It's been a long road to the television adaptation of His Dark Materials, the obsessively popular young adult fantasy series from Philip Pullman. After a disastrous first outing as a Harry Potter-like film series (starring Nicole Kidman, Daniel Craig, and Dakota Blue Richards), the series never made it to a sequel. The rights went dormant, as New Line Cinema shelved them before being swallowed up by Warner Bros. Pictures. It took until 2015 for Pullman to get them back and resell them to the BBC for a Game of Thrones-like TV series.

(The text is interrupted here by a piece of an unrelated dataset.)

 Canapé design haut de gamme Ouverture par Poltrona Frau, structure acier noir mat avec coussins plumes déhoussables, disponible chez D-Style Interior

And yet delays continued. It's been almost four years to the day since the BBC announced it would create the series, and in that time, the television landscape has shifted enormously. Had a series come out in 2016, or even early 2018, His Dark Materials might have felt fresher, or at least like a continuation of HBO's top-rated "expensive prestige fantasy series" hits. As it is, the first episode shows how far the genre has come and how much expectations have risen.
In creating a parallel universe, writer Jack Thorne (Harry Potter & The Cursed Child) and director Tom Hooper (Les Miserables, Cats) have done a remarkable job of making this a place that feels lived-in. But that also works against the series; as the magical alternate reality whizzes by, treated as mundane parts of the landscape.

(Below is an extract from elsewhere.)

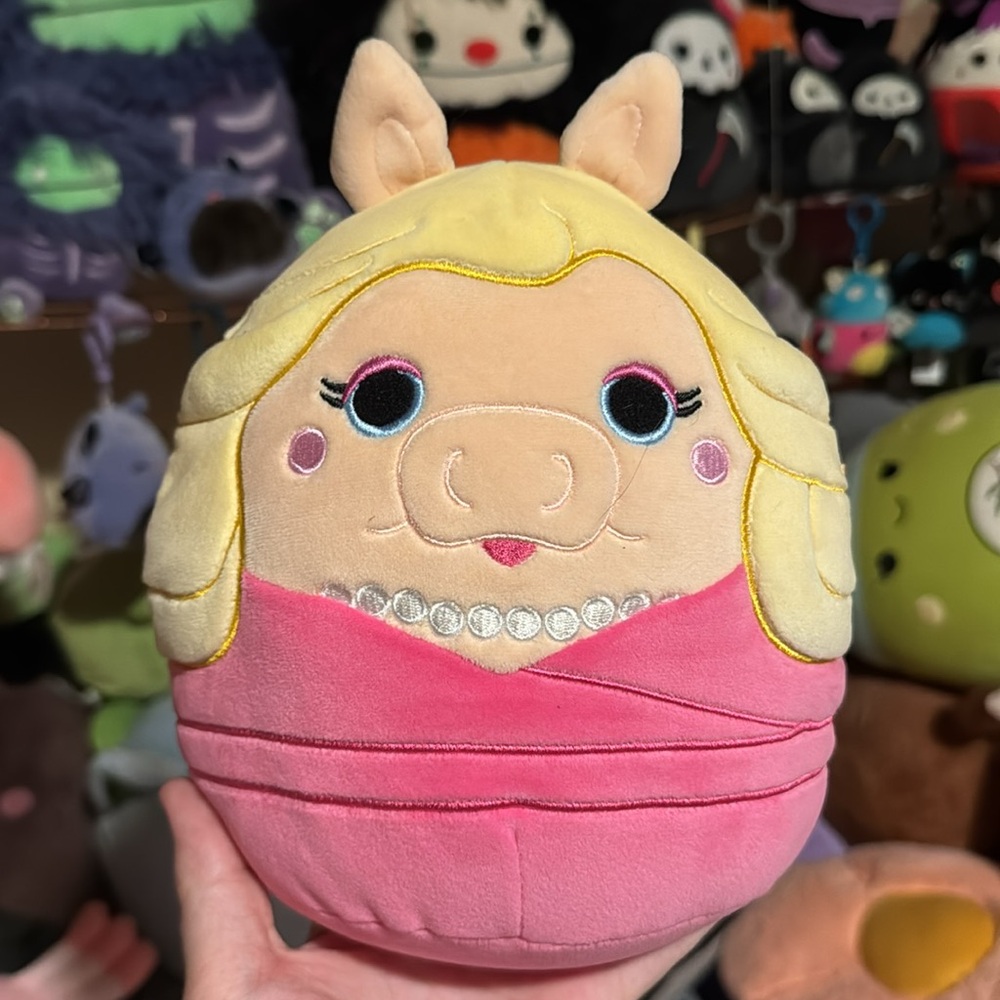 Miss piggy muppets squishmallow NWT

What makes this world magical are the Daemons. The alternative Earth is almost exactly like our own, and it's 2019 there too. But there's one difference that's changed everything: Human souls exist outside of their bodies, in the form of animal companions. When the story starts, Lyra (Dafne Keen), a 12-year-old orphan living in Jordan College in Oxford, and her best pal Roger (Lewin Lloyd), and their daemons are racing around, over the rooftops, down in the crypts, and everywhere in between. As children, their daemons have not settled on a final form yet (that happens upon reaching maturity), and continuously morph from one animal to another. It's just another day in the life for these two, in a world that they've never questioned.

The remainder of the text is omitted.